OUTDOOR TRUTHS: Decisions, Decisions, Decisions On Tom Turkey
By Gary Miller
I don’t remember being so aggravated as I was the other day. There I was sitting with a friend, sulking about a lost opportunity to pull the trigger on a tom turkey. The night before we had seen a gobbler and a hen move into a certain part of the woods. We surmised they would certainly roost there, so our plans were to be their wake-up call the next morning. The next day we were in place as the sun began to rise. The woods all around us was being filled with a chorus of gobbles.
None of them, however, were coming from this particular bird that we were set up on. We stayed and waited. We continued to wait as we called softly to let him know we were around. Still no response. The other gobblers wanted us to come to them but we remained steadfast until we determined that somehow this bird had eluded us.
Our plan now was to try to get on one of the other gobblers that had been calling but we had waited too long. They had already found other hens. So there we were, empty-handed, frustrated, and sulking in the price of a bad decision.

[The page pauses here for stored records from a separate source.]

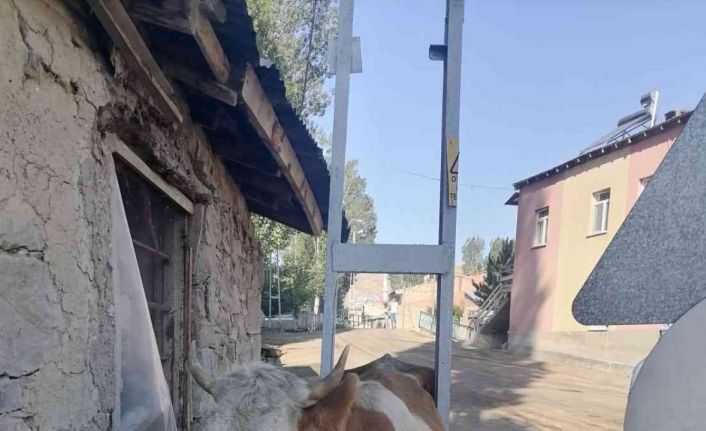 Bayburt’ta garip olay inek elektrik direğinin arasında sıkıştı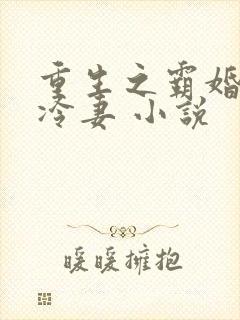 重生之霸婚豪门冷妻 小说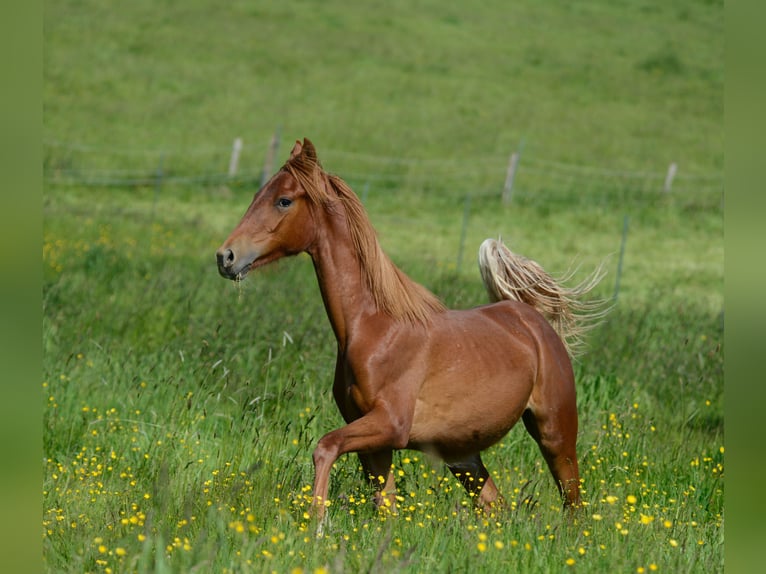 American Saddlebred Mare 4 years 15,2 hh Chestnut-Red in Kierspe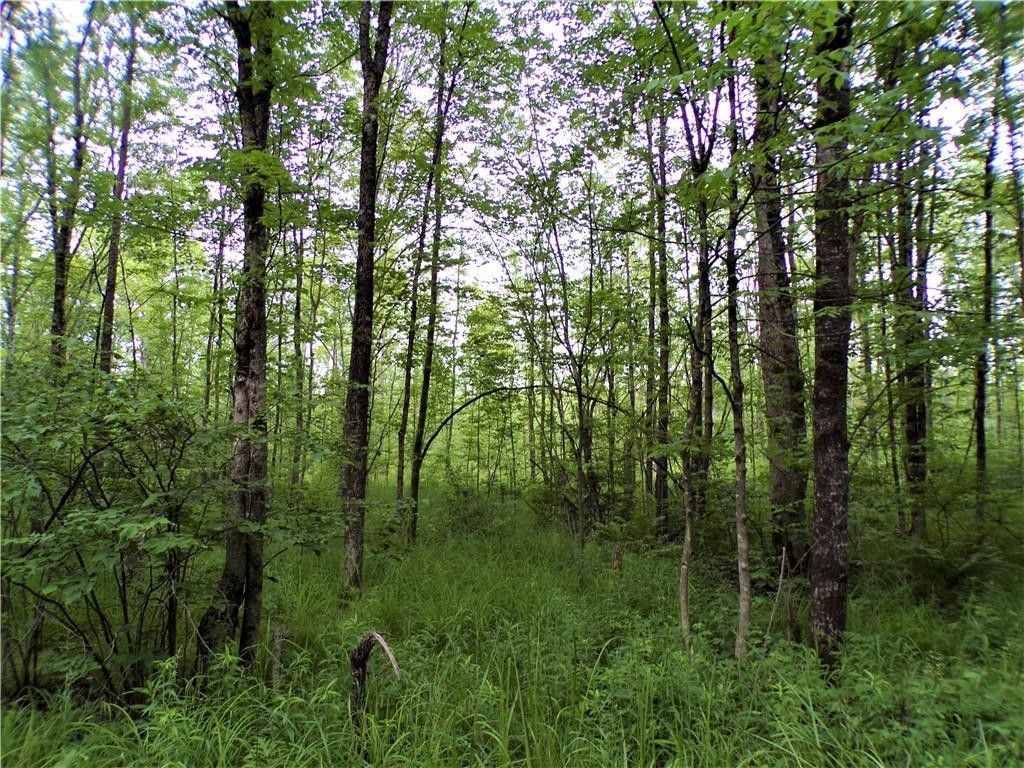 Kennan, Price County, WI Undeveloped Land for sale Property ID 414146618 LandWatch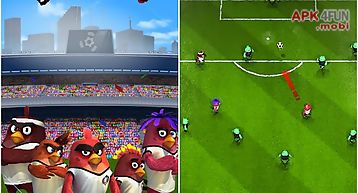 Angry birds: goal!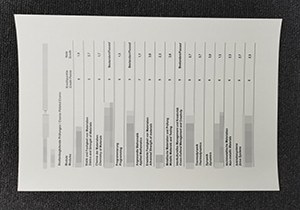 Hochschule Rhein-Waal transcript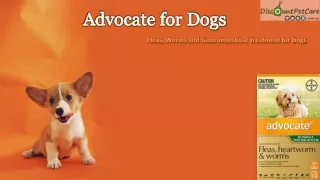 Buy Advocate for Dogs at best price in Australia - Fleas,Ticks and Worms Treatment
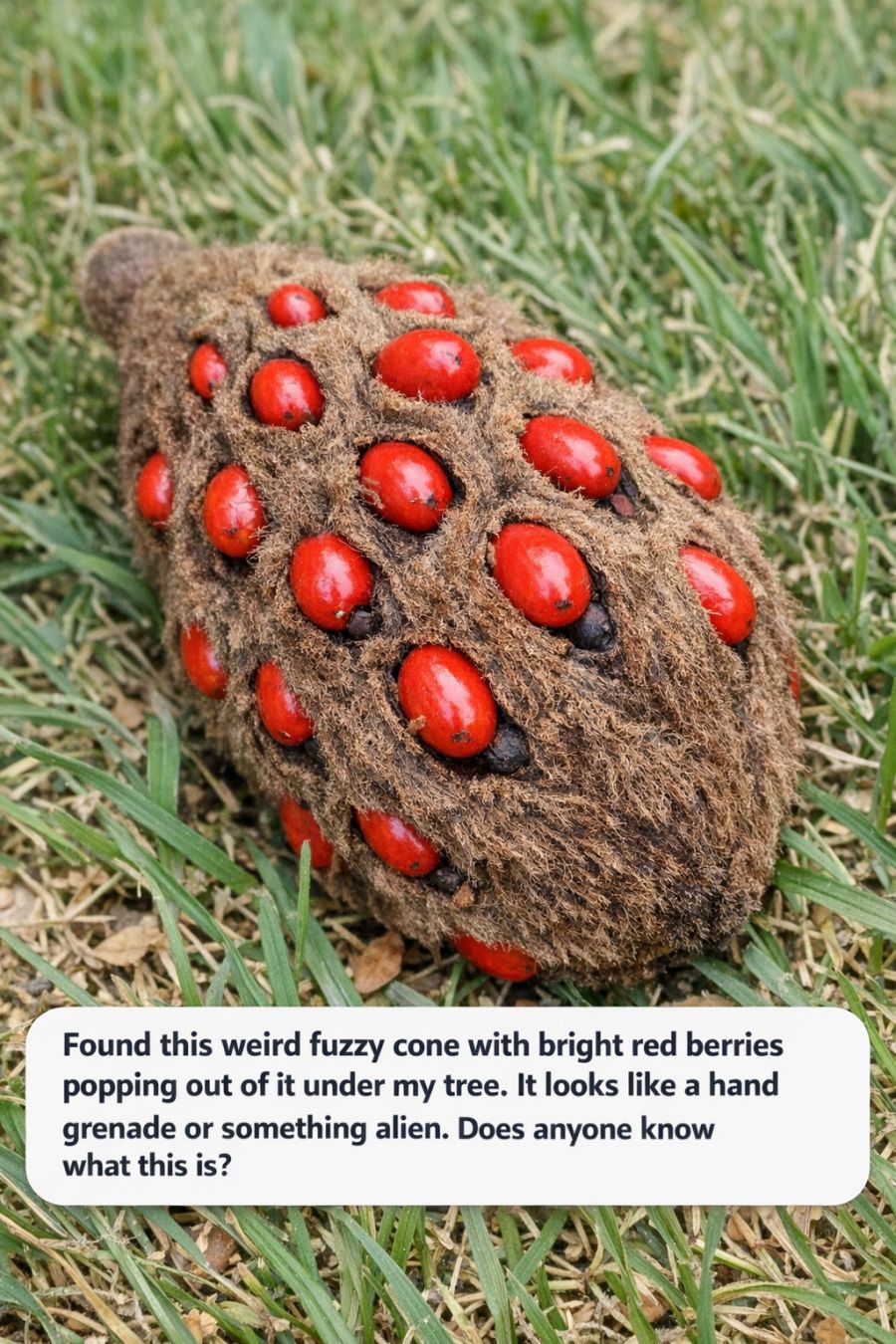 Found this weird fuzzy cone with bright red berries popping out of it under my tree. It looks like a hand grenade or something alien. Does anyone know what this is?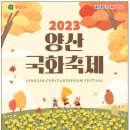 무야네일
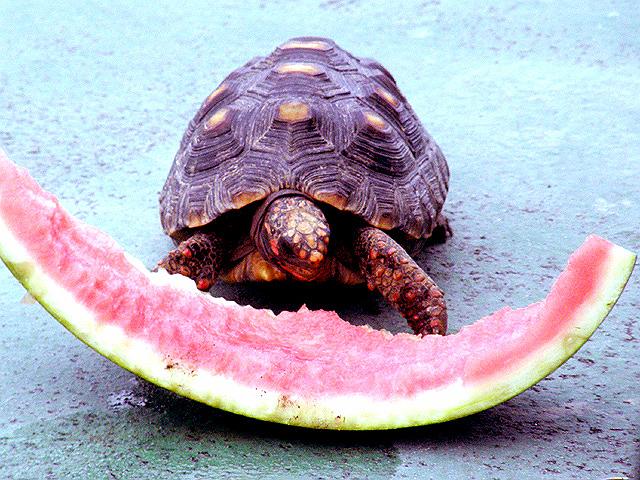 �������I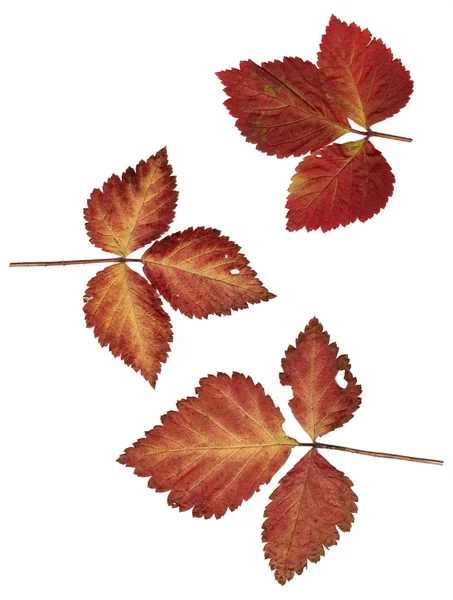 Jesienny Las Liść Krzewów Jagodowych Wysoka Jakość — Zdjęcie stockowe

While sitting on the side of that hill I pondered on some lesson from what had just happened. It seemed that very quickly my mind went to this subject of decisions. You see every decision has at least two components; sacrifice and risk. Some decisions -- the easiest ones -- come with very little sacrifice and very little risk. These are the ones that most of us make every day. They keep us in our comfort zone and that is really where we all like to live.
I ask myself as I thought about what had just transpired that morning if my decision to stay put was based on my unwillingness to sacrifice to climb a difficult hill or if it was based on the fear that I would run into the bird that I was trying to get close to. Was I afraid of that risk? I’m not sure but I was reminded of this; the greatest successes and results will always come from the greatest sacrifices and risks. In investments, the greatest return on one’s money also comes with the greatest possibility of losing one’s money. So, as you can imagine, most people prefer to remain in the safe confines of the local FDIC-insured bank. In turkey hunting, most people chose to stay on level ground instead of climbing a difficult hill. They prefer to stay several hundred yards from a gobbler’s roost instead of moving close and risking being seen. The truth is, the one closest is more likely to garner the kill.
My friend, remember that while most of your decisions in life will take very little sacrifice and risk, if you are truly going to enjoy the most thrilling victories, you will have to put something on the line. Your risk may not always pay off but at least you won’t be sitting on the side of a hill somewhere wondering what might have been if you had only moved.